[Input records]
--*--

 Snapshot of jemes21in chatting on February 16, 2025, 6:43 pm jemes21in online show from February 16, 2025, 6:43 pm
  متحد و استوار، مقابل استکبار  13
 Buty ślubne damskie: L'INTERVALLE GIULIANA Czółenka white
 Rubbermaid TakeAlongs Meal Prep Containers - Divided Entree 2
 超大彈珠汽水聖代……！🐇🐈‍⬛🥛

--*--

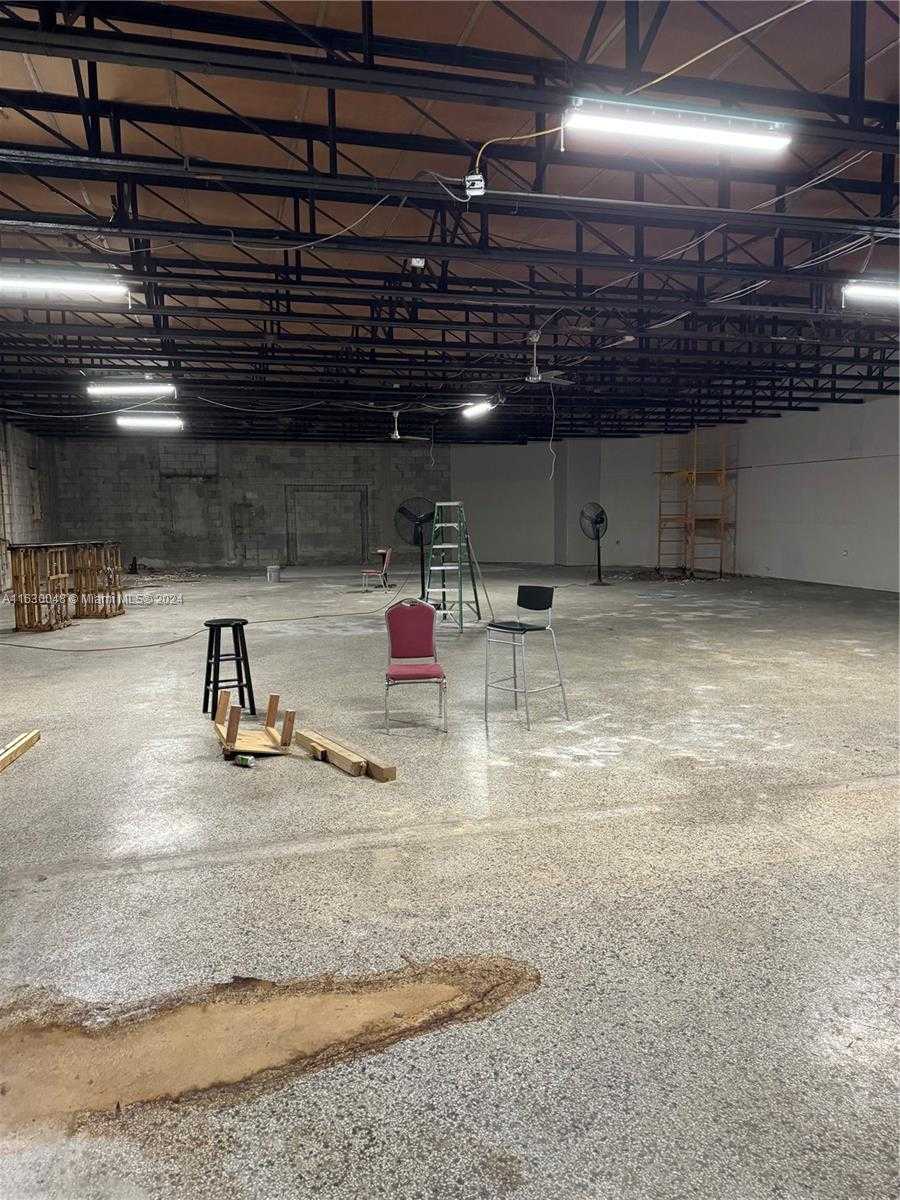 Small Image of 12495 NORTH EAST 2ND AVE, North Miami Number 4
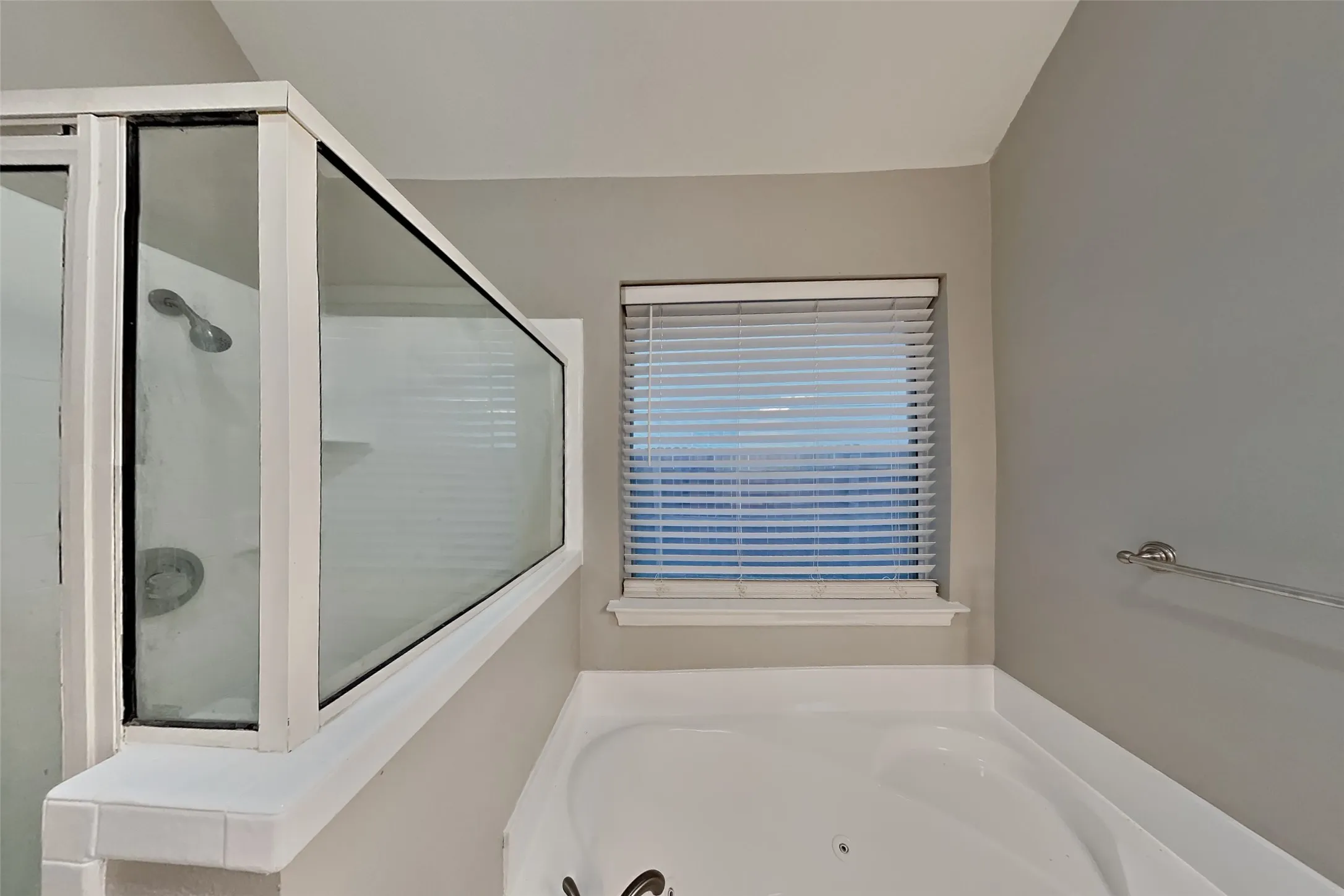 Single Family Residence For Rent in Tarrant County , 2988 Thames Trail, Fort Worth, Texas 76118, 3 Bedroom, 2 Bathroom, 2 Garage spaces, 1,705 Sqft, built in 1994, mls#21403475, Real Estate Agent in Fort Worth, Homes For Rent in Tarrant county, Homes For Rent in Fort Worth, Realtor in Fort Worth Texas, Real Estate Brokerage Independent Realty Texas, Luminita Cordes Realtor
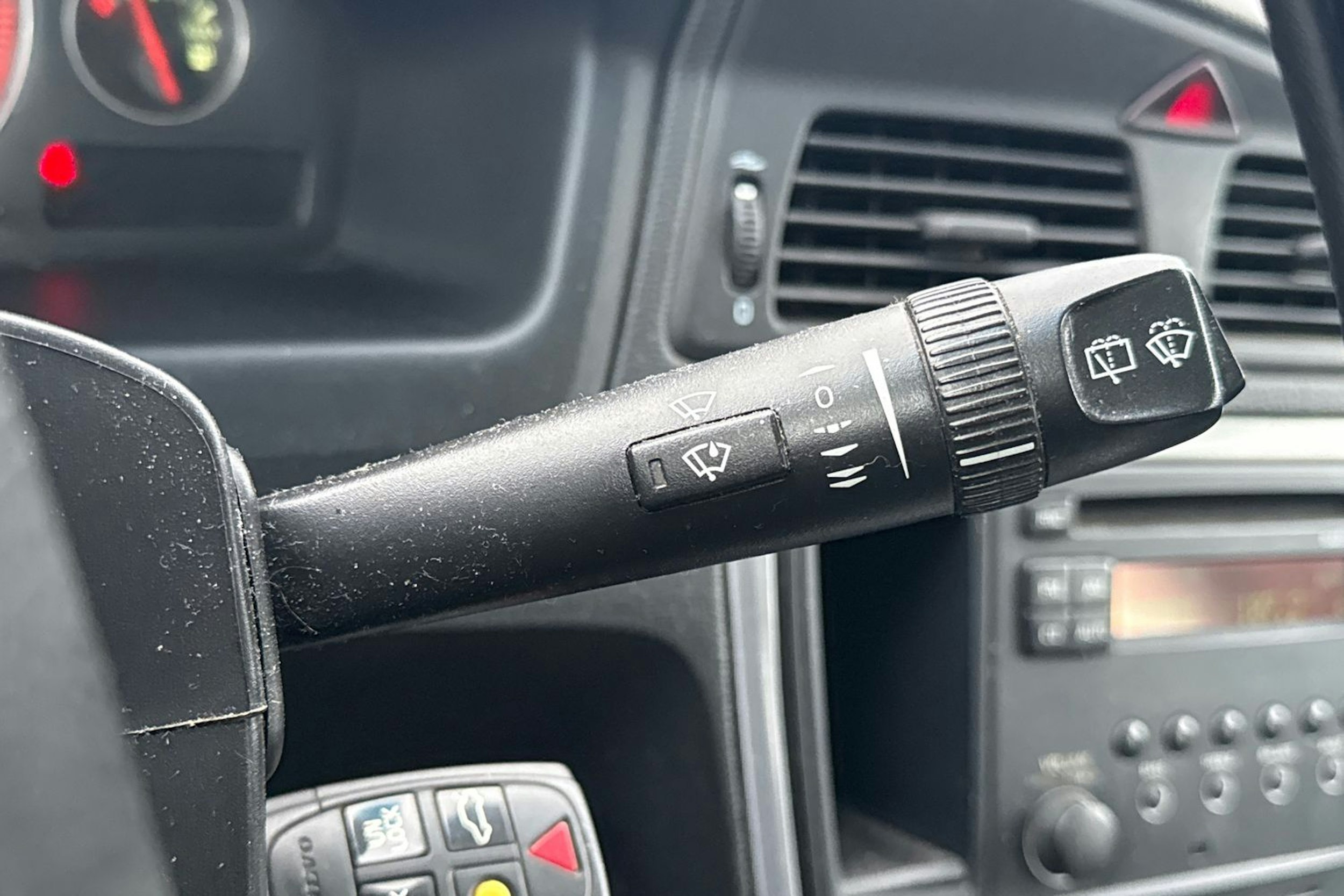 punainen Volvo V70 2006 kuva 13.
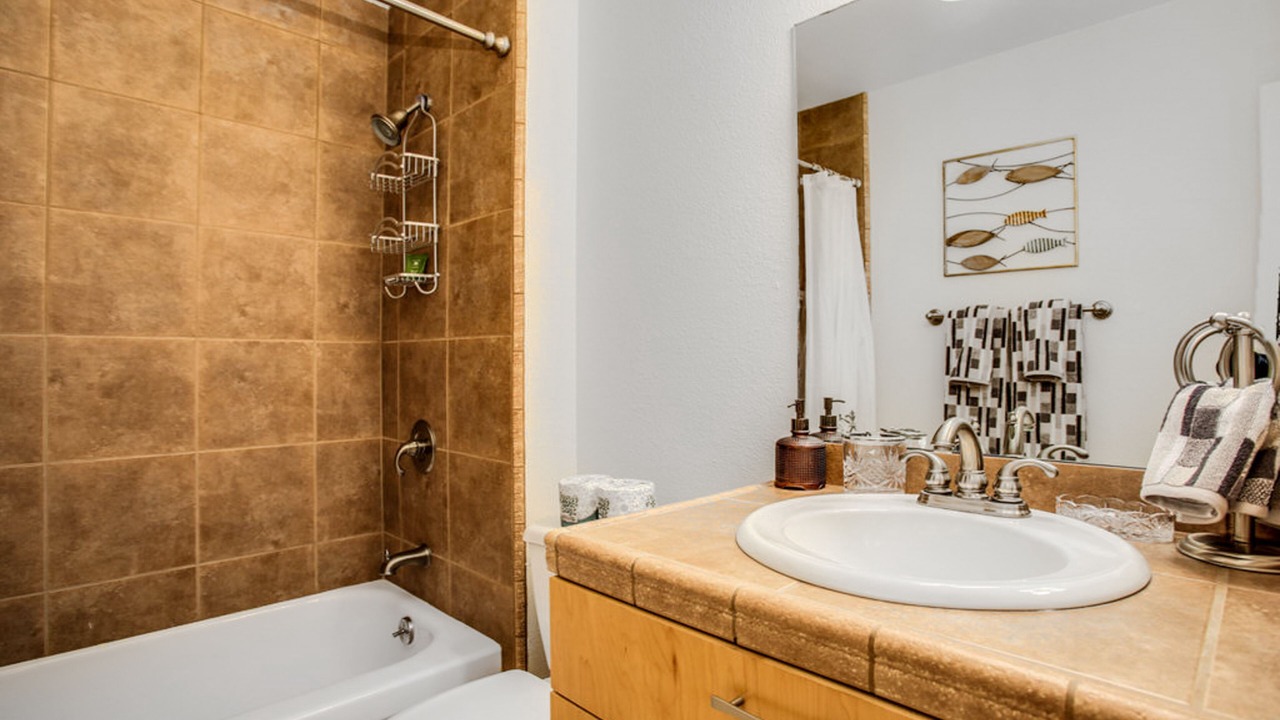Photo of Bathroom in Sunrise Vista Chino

--*--

[The problem]
Working from the data above, extract solely the lines from the one containing "Rubbermaid TakeAlongs Meal" through the one containing "超大彈珠汽水聖代……！🐇🐈‍⬛🥛", exactly as they appear, both included.

[Response to this exercise]
 Rubbermaid TakeAlongs Meal Prep Containers - Divided Entree 2
 超大彈珠汽水聖代……！🐇🐈‍⬛🥛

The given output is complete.